Answer
$34m$
Work Step by Step
All units must be in SI units. So, the speed must be converted to meters per second using dimensional analysis. $$\frac{48km}{1hr}\times \frac{1hr}{60min} \times \frac{1min}{60s} \times \frac{1000m}{1km}$$ $$=13m/s$$ The minimum force needed for the object to move under friction is equal to $$F_{min}=\mu _smg$$ Also note that force is defined as $$F=ma$$ Therefore, acceleration is equal to $$a=\frac{F}{m}$$ Substituting the formula for force yields an acceleration of $$a=\frac{\mu_smg}{m}=\mu_sg$$ Substituting known values of $\mu_s=0.25$ and $g=9.8m/s^2$ yields a maximum acceleration of $$a=(0.25)(9.8m/s^2)=2.5m/s^2$$ To find the minimum distance for stopping, use a kinematics equation using acceleration, distance, initial velocity, and final velocity.

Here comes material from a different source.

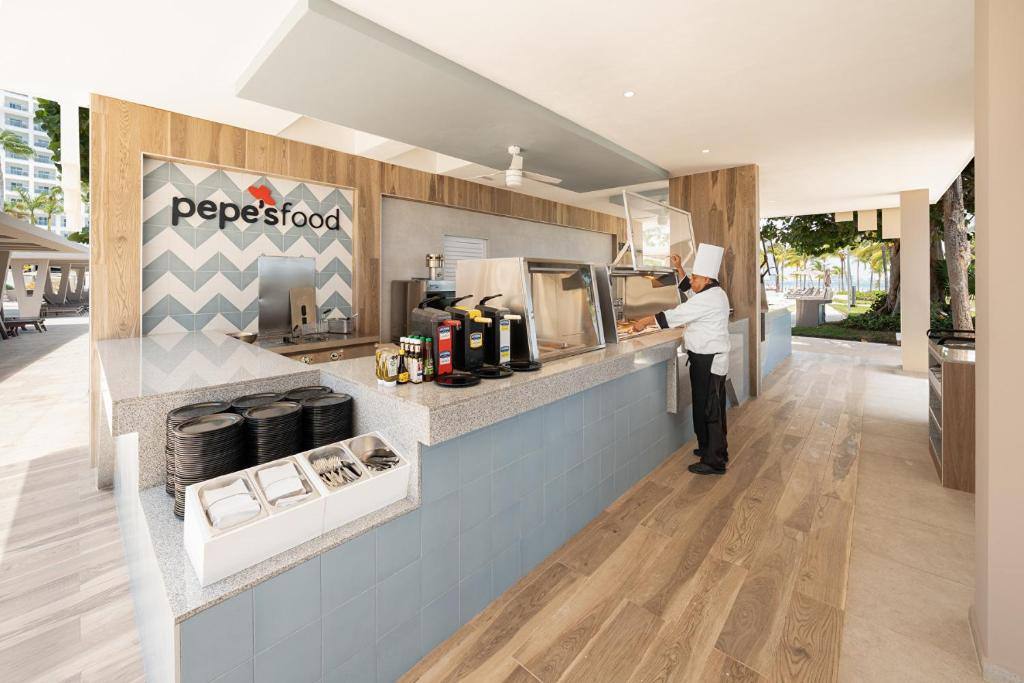 Hotel Riu Palace Peninsula: Food and beverages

This is $$v_f^2=v_o^2+2a\Delta x$$ Solving for $\Delta x$ yields $$\Delta x=\frac{v_f^2-v_o^2}{2a}$$ Substituting known values of $a=-2.5m/s^2$, $v_f=0.0m/s$, and $v_o=13m/s$ yields a minimum distance of $$\Delta x=\frac{-(13m/s)^2}{2(-2.5m/s^2)}$$ $$\Delta x=34m$$